And that brings us to our second question. Well, okay, we understand why it is important not to avoid conflict, because God’s love is needed there and we are called to be vessels of his love. But how? How do we not get beat down? How do we not get drawn into the conflict ourselves? It’s one thing to know what is needed, it is quite another to have the strength and the capacity to give it. To love in the midst of conflict is perhaps the most daunting tasks that any Christian faces.
How much we all need to hear the words that Jeremiah speaks to us today: “Before I formed you in the womb I knew you, before you were born I dedicated you, a prophet to the nations I appointed you. Be not crushed on their account, as though I would leave you crushed before them; they will fight against you but not prevail over you, for I am with you to deliver you, says the LORD.”
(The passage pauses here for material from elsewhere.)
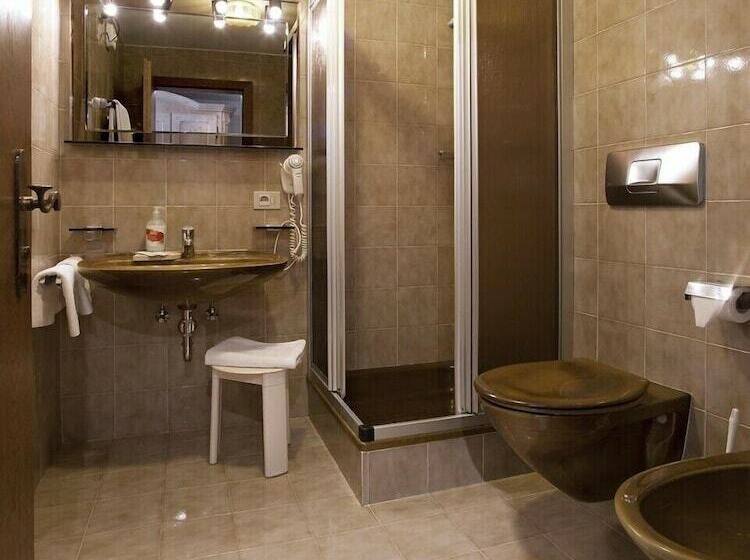 غرفة كلاسيكية, Italia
To love those who love you? That doesn’t take much character – children love like that, St. Paul tells us, criminals love like that, Jesus tells us. But to love those who curse you? Those who malign you? Those who want to kill you? To love in the midst of conflict? You can only do that when you know and experience the love of God – when you are rooted in him, when you carry his love within you. I don’t know any other way. That is why the martyrs have always been the greatest of Christian witnesses. Those who saw their love in the midst of conflict and hatred could not help but sense that the martyrs were drawing upon a powerful source of love beyond themselves, a source of love that seemed inexhaustible. And they were – they were drawing on the love of Christ. That same inexhaustible source of love is given to us today – Christ does not give us a partial portion of his love, but all of it – as much as we want, as much as we are willing to receive. May he help us to approach him with open hearts, hearts prepared and ready to be filled and then poured as we bring the love of Christ into the places of conflict in our world.